E chegou a hora do segundo artigo neste portal!! E, nesses últimos dias, tivemos conhecimento do estudo Panorama da Hotelaria Brasileira. Então, vou aproveitar esse rico estudo produzido pelo FOHB (Fórum de Operadoras Hoteleiras do Brasil), em parceria com a HotelInvest, para opinar sobre o impacto dessa nova oferta no setor.

Antes, acho interessante fazer um rápido overview dos diferentes ciclos do desenvolvimento hoteleiro brasileiros nos últimos 100 anos:

O primeiro ciclo teve início com a virada do século 20, durando até a década de 1960. No período, a maioria dos hotéis foi construída por famílias muito ricas, muitas vezes com incentivos das diferentes esferas governamentais.

O segundo ciclo ocorreu de 1964 a 1986. Nessa época, mais e novos incentivos financeiros e fiscais atraíram cadeias hoteleiras internacionais para o Brasil.

Com o término dos incentivos fiscais, o terceiro ciclo avançou juntamente com a criação de uma lei de locações residenciais muito restritiva. Assim, os incorporadores imobiliários inteligentemente desenvolveram o que se chamou de apart-hotel, com pool de locações. Os apart-hotéis eram produtos imobiliários com características bastante específicas. Eram quitinetes com quarto, sala, cozinha e banheiro. O investidor pulverizado podia colocar e tirar seu imóvel do pool. Edifícios geridos por Parthenon, Residence, Riema e Transamerica são bons exemplos desse modelo de desenvolvimento, com esse ciclo se encerrando na década de 1990.

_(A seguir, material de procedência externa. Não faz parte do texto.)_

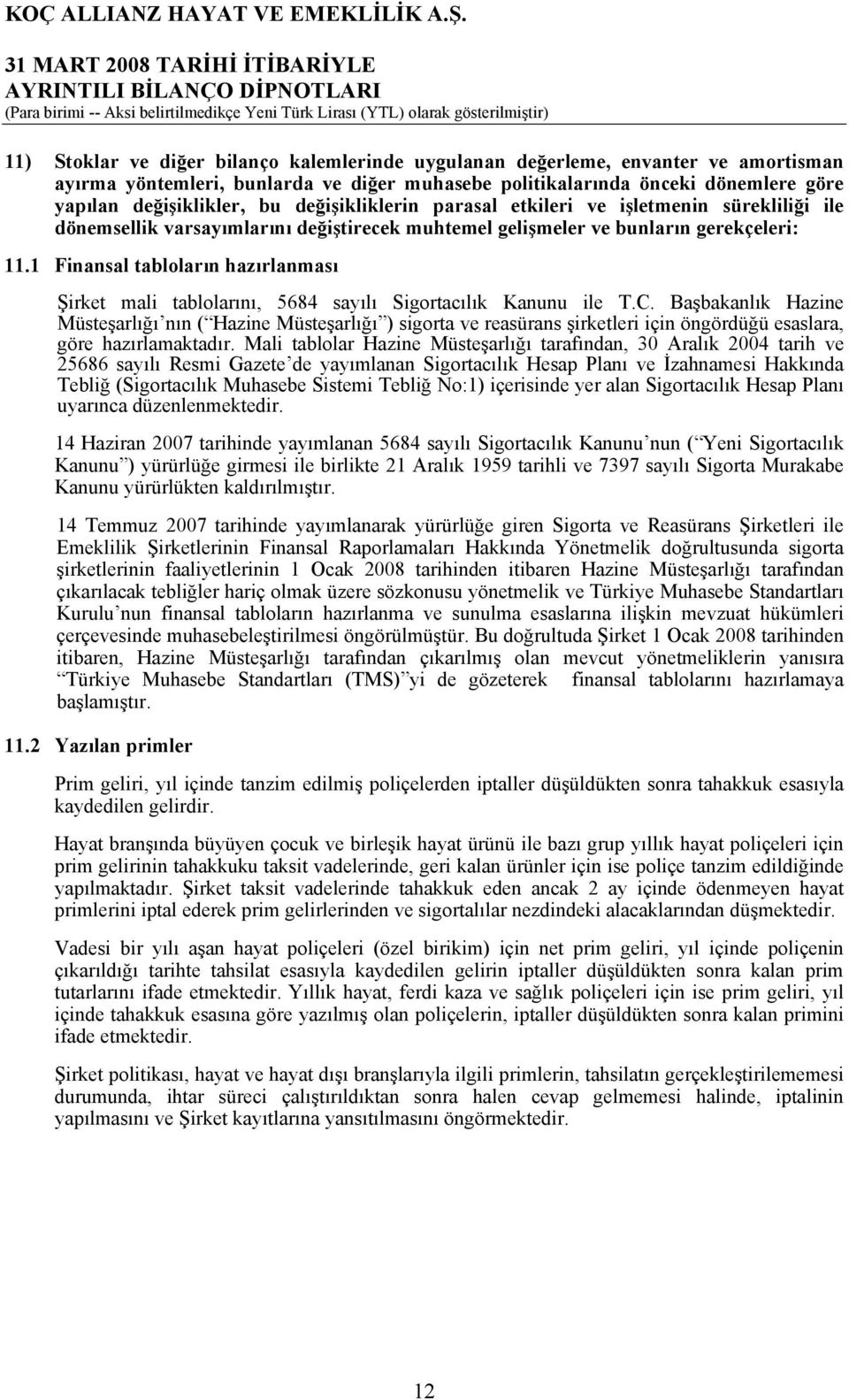 1 Finansal tabloların hazırlanması Şirket mali tablolarını, 5684 sayılı Sigortacılık Kanunu ile T.C.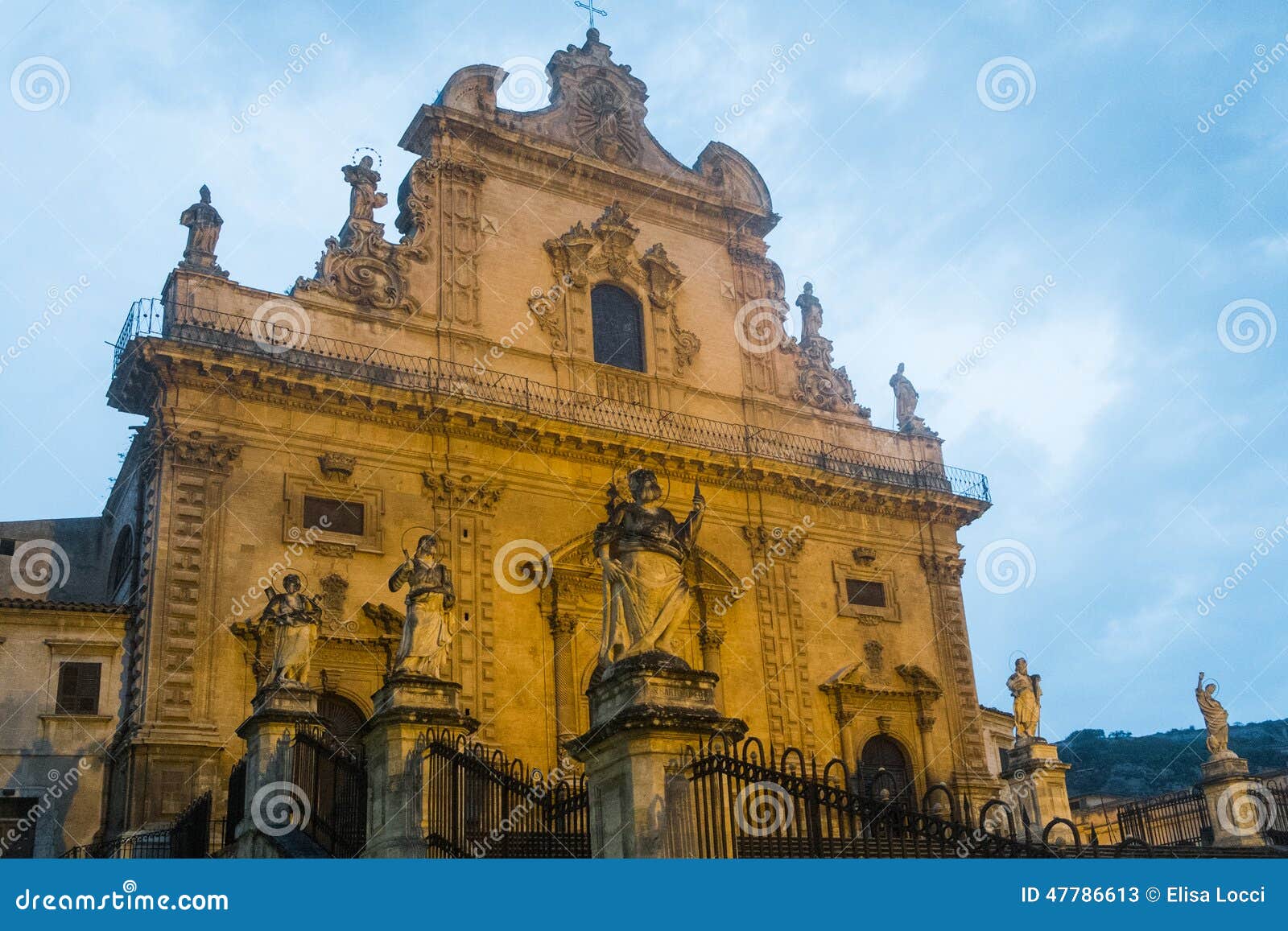 San Pietro cathedral by night in Modica, Sicily, Italy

O quarto ciclo ocorre em paralelo ao Plano Real. Com a estabilidade econômica proporcionada pelo plano, houve o incentivo a investimentos produtivos. À época, havia uma percepção generalizada de que hotelaria era um grande negócio. O período, contudo, é marcado pela chegada das bandeiras hoteleiras internacionais e da superoferta condo-hoteleira.

Uma mudança de legislação marca o quinto ciclo. O famoso artigo segundo da lei nº 6385, de 1976, foi ampliado, adicionando-se uma nova definição de valor mobiliário, o que obrigou o xerife de mercado de capitais (a CVM), a tomar determinada atitudes.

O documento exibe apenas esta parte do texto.